Over the past year or two here at Sable International we’ve also become increasingly sceptical of the value add offered by the traditional stock picker fund manager. This is especially true in large developed markets. We’re not sold on the pure passive tracker model either but that’s a story for another day.
The Folklore of Finance's survey findings
The survey in question interviewed 3,744 investors, investment providers, retail investors, fund managers, regulators and government officials across 19 countries. The findings support many other academic papers that have questioned the so-called "outperformance" on offer from top fund managers. The report finds that pursuit of success by fund managers and retail investors alike results in certain shared beliefs that govern behaviours. We’ll call these beliefs the Folklores of Finance. These false beliefs result in the industry spending 60% of its capital expenditure chasing an alpha performance that industry professionals themselves admit is more likely to result from luck than skill.
Alpha and relative personal wealth
However, the allure of "alpha" remains strong. To remind ourselves, alpha is an outperformance over a defined benchmark over time. Before we address the opaqueness of benchmark selection (which is a topic in and of itself!), let’s remember the well-known truism of behavioural finance - absolute personal wealth is far less important than relative personal wealth. Your neighbour or colleague's financial good fortune has a far bigger effect on your perception of your own wellbeing than your absolute wealth. Our irrationality as humans requires that we always be better than average. Average or below is an unacceptably uncomfortable place to find oneself in this era of the super individual.

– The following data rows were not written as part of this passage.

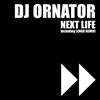 escuchar en línea DJ Ornator - Next Life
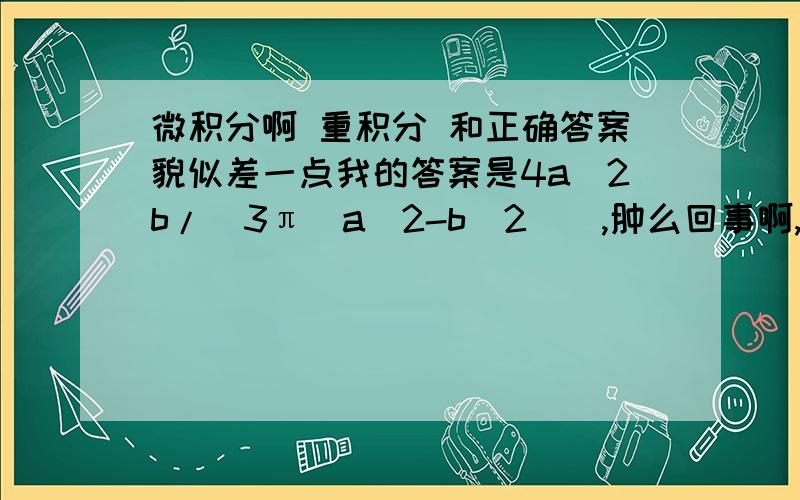 微积分啊 重积分 和正确答案貌似差一点我的答案是4a^2b/[3π（a^2-b^2)],肿么回事啊,正确答案是4a/3π,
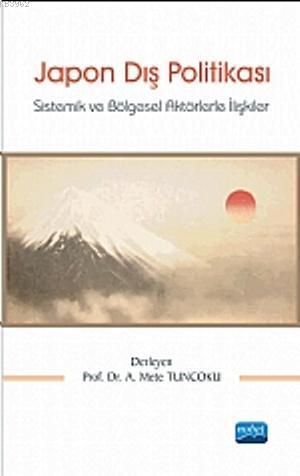 Japon Dış Politikası; Sistemik ve Bölgesel Aktörlerle İlişkiler | Kole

The industry’s devotion to alpha is reminiscent of the research of professor Taffler and Tuckett, who defined “Phantastic” objects: “attractive objects that stimulate high excitement and almost automatic idealisation and so, a powerful wish to possess.”
And so it is that the industry propagates numerous false beliefs in the attempt to convince themselves and their investors that it is possible to be on the right side of a zero sum game all of the time. So why is it so hard for a fund manager to "outperform"? The report cites a few quite obvious reasons:
- Information efficiency: 90% of the world’s information was produced in the last two years. So the information edge any one fund manager has erodes every day.
- Competition:The absolute skill level of each fund manager is increasing (partly because of the information effect above) but the standard deviation of his skill is falling. So absolute skill rises and relative skill falls - a phenomenon known as the “Paradox of Skill”.
Interestingly, the fund manager industry itself seems aware of this issue. Only 42% of fund managers believe alpha performance is primarily down to skill but 53% of individual investors believe the same!
"The brain is terribly adept at substituting emotions for facts in order to make a financial decision that feels right." - Cabot Research
The report does a good job of highlighting what we believe to be the primary issue around investment - the meeting of long term goals. That process is what we would call financial planning. Investment management is only one aspect of the financial planning picture and meeting long term goals requires the management of many moving parts including the pursuit of alpha within investment portfolios. It’s clear from the quoted survey that focusing on alpha is counter-productive and should never overshadow the meeting of long term financial goals for the client. If there’s a message from today’s letter it is exactly that - find an adviser to work with and work on the long-term goals.